Phil Gingrey, Paul Broun, and Jack Kingston have turned their backs on Georgians looking for work and it’s costing Georgia’s economy millions. Gingrey, Broun, and Kingston have all opposed extending critical unemployment insurance in the past for Georgians looking for work. That kind of irresponsible economic ideology caused 54,400 Georgians to lose critical assistance on December 28.

“Gingrey, Broun, and Kingston’s reckless and irresponsible economic agenda is hurting Georgians who are looking for work, hurting the state’s middle class and will likely cost Georgia’s economy at least $28.9 million by the end of the week,” said Justin Barasky, a spokesman at the Democratic Senatorial Campaign Committee. “Phil Gingrey, Paul Broun, and Jack Kingston are siding with Washington special interests and the Tea Party instead of doing what’s right for Georgia’s economy, and the middle class and working people are paying the price.”

It’s not yet clear how House Republicans will handle the current extension. GOP leaders have said they are open to the extension if it’s paid for and coupled with a GOP job creation measure. But it’s difficult to imagine any circumstances under which House conservatives support an extension, since groups such as Heritage Action have come out against it even if it’s paid for. You can imagine this becoming an issue in GOP primaries, making a Yes vote even harder. It’s also possible that the Senate will fail to pass an extension, in which case the GOP-controlled House will probably not act at all — an outcome that will also be used against House GOPers running for Senate.

Dems believe the failure to extend benefits — and opposition to a minimum wage hike — will build a general election case that centers on Republicans’ lack of an affirmative agenda for economically struggling Americans.

Republicans will try to turn the politics of UI to their advantage by citing the need for the debate itself as an indictment of the Obama economy. “The Labor Force Participation Rate is just 63%, its lowest point since Jimmy Carter was President,” emails NRSC spokesman Brad Dayspring. “Unemployment insurance is a temporary measure designed to help the long-term unemployed find jobs. Here’s the dirty little secret: It isn’t working because people aren’t finding jobs (and it isn’t for a lack of trying). We need to focus on solutions to end long-term unemployment and focus on jobs — and President Obama and Senate Democrats simply aren’t up to the task.”

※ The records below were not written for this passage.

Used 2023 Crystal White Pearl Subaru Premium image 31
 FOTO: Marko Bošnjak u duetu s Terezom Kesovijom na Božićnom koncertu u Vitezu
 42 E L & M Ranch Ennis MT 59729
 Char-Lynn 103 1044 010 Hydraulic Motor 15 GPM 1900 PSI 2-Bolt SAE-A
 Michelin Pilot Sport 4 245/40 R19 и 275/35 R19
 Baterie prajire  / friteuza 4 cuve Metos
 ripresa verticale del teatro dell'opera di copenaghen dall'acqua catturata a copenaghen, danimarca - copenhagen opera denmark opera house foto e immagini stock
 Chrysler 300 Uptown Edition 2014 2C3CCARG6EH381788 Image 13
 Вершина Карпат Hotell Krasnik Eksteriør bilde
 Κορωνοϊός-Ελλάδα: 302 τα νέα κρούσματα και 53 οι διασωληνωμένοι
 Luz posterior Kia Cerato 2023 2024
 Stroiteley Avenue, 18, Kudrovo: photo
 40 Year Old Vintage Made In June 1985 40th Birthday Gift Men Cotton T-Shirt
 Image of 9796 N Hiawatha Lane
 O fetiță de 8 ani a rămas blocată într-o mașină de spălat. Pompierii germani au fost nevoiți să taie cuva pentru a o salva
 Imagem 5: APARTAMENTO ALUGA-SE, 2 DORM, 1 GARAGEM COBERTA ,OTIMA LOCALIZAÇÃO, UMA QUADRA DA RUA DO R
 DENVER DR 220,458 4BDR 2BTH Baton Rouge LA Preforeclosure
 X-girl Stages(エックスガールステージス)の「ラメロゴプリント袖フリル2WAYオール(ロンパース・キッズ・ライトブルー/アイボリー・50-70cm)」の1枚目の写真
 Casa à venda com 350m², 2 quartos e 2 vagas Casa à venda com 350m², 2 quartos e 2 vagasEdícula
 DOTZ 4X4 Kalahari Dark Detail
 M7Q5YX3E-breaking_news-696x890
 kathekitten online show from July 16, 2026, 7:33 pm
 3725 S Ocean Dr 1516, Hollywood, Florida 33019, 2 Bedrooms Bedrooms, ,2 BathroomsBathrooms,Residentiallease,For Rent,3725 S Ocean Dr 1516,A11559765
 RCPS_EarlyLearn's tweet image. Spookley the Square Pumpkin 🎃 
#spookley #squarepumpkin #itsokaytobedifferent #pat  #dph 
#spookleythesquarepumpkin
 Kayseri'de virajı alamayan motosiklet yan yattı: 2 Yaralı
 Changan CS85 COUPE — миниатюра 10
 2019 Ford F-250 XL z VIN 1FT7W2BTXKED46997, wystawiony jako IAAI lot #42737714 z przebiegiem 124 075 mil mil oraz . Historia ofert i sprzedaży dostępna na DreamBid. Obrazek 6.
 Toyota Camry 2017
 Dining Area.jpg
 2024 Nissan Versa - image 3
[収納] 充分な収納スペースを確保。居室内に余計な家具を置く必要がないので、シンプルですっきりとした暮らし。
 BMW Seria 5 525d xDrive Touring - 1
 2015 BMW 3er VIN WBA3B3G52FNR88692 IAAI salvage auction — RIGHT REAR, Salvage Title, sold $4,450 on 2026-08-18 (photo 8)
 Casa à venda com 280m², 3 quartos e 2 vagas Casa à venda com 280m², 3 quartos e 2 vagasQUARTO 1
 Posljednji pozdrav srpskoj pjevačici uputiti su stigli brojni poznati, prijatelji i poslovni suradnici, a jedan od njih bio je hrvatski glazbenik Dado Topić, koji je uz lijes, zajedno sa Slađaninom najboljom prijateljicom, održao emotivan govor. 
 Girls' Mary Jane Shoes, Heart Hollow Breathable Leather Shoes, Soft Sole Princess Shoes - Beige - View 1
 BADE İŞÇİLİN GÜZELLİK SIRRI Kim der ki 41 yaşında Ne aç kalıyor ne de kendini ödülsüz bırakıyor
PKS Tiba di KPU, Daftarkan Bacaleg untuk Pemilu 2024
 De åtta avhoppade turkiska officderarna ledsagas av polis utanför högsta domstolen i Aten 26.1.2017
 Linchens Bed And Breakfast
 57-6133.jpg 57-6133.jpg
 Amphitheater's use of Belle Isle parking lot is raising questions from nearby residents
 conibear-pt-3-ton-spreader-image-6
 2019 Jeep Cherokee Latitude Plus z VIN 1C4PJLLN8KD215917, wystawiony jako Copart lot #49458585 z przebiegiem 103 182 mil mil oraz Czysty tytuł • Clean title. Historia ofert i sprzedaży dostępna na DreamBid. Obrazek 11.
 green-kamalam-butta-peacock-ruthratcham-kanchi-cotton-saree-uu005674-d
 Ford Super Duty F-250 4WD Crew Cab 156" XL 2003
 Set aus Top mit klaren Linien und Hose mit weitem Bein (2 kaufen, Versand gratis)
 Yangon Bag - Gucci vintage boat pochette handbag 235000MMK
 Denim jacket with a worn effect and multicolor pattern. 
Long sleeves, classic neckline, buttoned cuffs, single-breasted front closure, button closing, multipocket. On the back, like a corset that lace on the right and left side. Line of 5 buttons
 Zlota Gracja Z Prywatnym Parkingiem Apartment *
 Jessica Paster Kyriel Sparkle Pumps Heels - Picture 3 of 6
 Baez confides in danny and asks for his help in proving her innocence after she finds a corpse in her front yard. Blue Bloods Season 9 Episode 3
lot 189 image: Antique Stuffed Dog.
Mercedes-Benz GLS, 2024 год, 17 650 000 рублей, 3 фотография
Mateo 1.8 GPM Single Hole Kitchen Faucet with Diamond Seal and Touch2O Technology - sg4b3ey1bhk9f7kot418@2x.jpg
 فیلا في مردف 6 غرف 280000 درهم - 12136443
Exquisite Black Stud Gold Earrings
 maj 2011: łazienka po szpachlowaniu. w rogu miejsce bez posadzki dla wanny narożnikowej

Indeed, some Republicans apparently don’t sweat the politics of the unemployment benefits debate one little bit:

* REPUBLICANS NOT WORRIED ABOUT POLITICS OF UI: Related to the above: David Drucker has this remarkable bit of reporting:

Republicans…said the president’s insistence on the dire need for additional jobless aid sends the message to voters that five years of his Democratic stewardship has failed to revive the economy. Republicans are somewhat concerned that opposing the benefits extension could paint them as insensitive in the eyes of voters. And, publicly, Republicans will try to convey sympathy for the unemployed and emphasize their support for the measure if Democrats agree to couple it with other job creation proposals and offset its $6.5 billion price tag with savings from other government programs. Privately, though, they are not too worried that opposing the extension will damage them politically.

This confirms what I’ve been saying here: the push for a “pay for” is about mitigating the political damage if the extension goes down, allowing Republicans to paint its failure as the result of inside-the-Beltway bickering rather than the fact that one party ideologically opposes an extension and the other doesn’t.

Despite this show of confidence from some Republicans, however, others, such as senators John Thune and Lamar Alexander, are increasingly saying out loud that the Republican Party really does need an affirmative agenda, and that — get this — only running against Obamacare just might not be enough.

* HOUSE DEMS MOVE TO FORCE VOTE ON UI: This just in from a House Democratic aide:

House Democrats will offer a procedural motion Thursday which will force Republicans to vote to block a vote on a measure identical to the unemployment extension bill that advanced in the Senate Monday. The so-called Previous Question vote is designed to put additional pressure on House Republicans as the toll from the refusal to extend UI benefits now has reached 1.4 million Americans, with 72,000 more Americans added each week.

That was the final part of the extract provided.